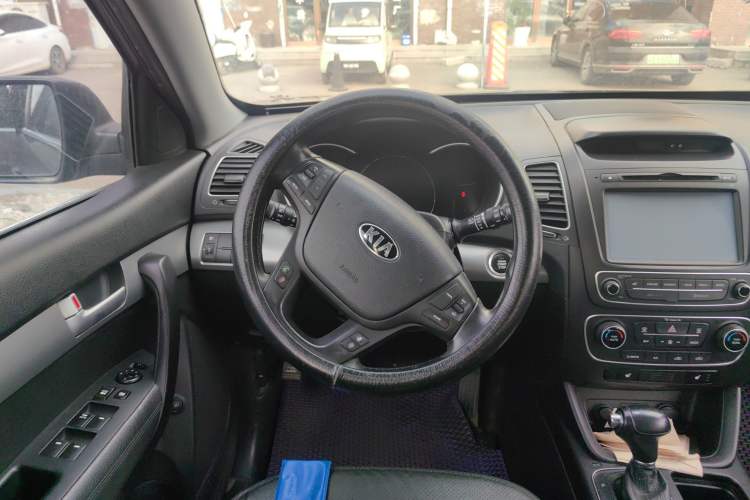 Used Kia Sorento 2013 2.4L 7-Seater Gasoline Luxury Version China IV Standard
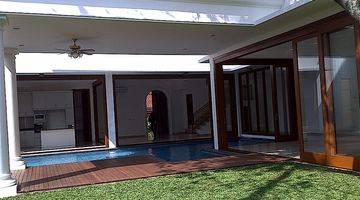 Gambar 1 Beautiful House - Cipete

:::::

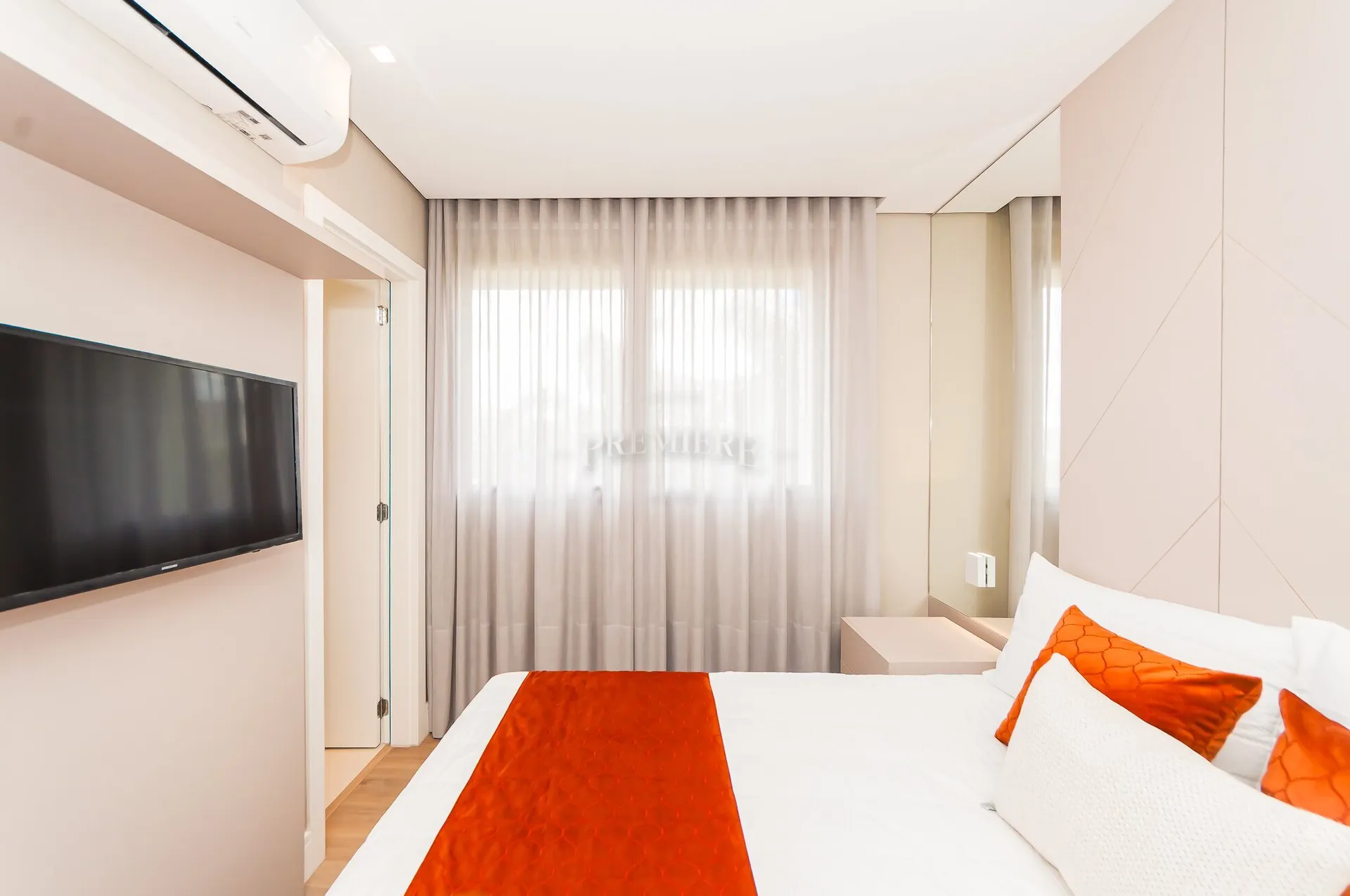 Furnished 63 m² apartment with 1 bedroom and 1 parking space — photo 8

:::::

## Exercise details
In the records above, everything from the line with "Used Kia Sorento" down to the line with "Gambar 1 Beautiful House - Cipete" must be duplicated exactly, both lines kept. Leave no pictures in.

## Solution to this exercise
 Used Kia Sorento 2013 2.4L 7-Seater Gasoline Luxury Version China IV Standard
 Gambar 1 Beautiful House - Cipete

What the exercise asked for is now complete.